11. The defendant further urged that if Sitabai was alive at the time of Tarabai's death, having regard to the full bench decision in Ghandhi Maganlal v. Bai Jadab I.L.R. (1899) Bom. 192 : 1 Bom. L.R. 574. Sitabai would get an absolute estate as the heir of Tarabai and the title was marketable. Apart from the question whether this decision, which is in respect of succession to a maiden's property, was applicable to the case of a married woman, it has to be remembered that this is a decision on the Bombay school of inheritance and succession. The other schools of Hindu law have not given a Hindu woman, succeeding to a woman's estate, that absolute right, even if they were governed by the Mitakshara law generally. In the present case Laxman came from Berar and would be governed by the law prevailing there.
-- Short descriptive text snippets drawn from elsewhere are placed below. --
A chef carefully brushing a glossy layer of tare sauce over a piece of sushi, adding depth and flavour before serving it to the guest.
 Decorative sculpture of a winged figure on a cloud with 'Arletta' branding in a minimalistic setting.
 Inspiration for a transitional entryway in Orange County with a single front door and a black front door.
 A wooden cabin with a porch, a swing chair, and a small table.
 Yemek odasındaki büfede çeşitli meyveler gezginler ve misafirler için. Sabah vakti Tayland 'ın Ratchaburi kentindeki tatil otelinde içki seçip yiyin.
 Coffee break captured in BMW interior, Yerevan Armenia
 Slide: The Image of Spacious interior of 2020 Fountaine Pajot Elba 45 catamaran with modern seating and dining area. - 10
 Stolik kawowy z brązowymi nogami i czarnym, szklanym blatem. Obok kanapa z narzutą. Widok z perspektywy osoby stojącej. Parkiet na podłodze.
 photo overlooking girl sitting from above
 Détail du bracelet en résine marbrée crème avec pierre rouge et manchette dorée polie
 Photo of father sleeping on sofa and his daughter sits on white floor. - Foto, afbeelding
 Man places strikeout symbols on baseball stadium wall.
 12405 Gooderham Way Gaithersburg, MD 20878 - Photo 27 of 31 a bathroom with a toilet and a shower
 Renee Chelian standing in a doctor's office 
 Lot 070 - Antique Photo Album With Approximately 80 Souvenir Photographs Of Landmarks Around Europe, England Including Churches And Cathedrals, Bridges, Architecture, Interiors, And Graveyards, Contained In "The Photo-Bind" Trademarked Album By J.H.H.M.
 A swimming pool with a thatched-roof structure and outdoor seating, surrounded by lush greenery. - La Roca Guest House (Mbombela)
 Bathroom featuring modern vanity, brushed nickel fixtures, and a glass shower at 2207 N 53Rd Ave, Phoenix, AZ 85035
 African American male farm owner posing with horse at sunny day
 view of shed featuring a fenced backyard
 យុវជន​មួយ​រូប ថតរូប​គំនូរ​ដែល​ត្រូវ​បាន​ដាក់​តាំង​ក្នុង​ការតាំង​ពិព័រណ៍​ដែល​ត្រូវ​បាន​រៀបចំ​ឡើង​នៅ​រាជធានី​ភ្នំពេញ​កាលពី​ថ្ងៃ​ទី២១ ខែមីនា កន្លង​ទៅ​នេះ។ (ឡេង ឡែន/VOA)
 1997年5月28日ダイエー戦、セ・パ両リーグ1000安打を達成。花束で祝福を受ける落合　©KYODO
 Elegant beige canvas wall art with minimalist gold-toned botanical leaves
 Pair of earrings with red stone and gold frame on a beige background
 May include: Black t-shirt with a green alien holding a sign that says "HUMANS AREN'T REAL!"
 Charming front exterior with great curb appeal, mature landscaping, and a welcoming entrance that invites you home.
On Tarabai's marriage with Laxman it remains to be considered whether in deciding Tarabai's heirs the governing law is the Bombay school or the law in Berar-the place to which Laxman belonged, Although the heirs of Tarabai are to be traced in Laxman's family, in law they are Tarabai's heirs. This point is not covered by any judicial decision and may give rise to a conflict of opinion. The learned Counsel for the defendant has failed to point out any authority which would govern this situation. According to the dicta in Pyrke v. Waddingham, mentioned above, the point must therefore be treated as unsettled. In that aspect of the case also the defendant's contention must fail.
12. In considering whether specific performance should be ordered the following observations in Nottingham Patent Brick and Tile Co. v. Butler (1886) 16 Q.B.D. 778 are useful td be remembered (p. 787):-
Under such circumstances, where the rectitude of the title depends upon facts which...are certainly capable of being disputed, a Court of Equity will not, as I understand, enforce the contract.
This is all the more so when questions of fact depend entirely on matters within the knowledge of third parties and the only proof is their oral statements which bind no one except themselves. In my opinion, therefore, the defendant's contention fails.
13. The defendant to pay the costs of the suit on a long cause scale.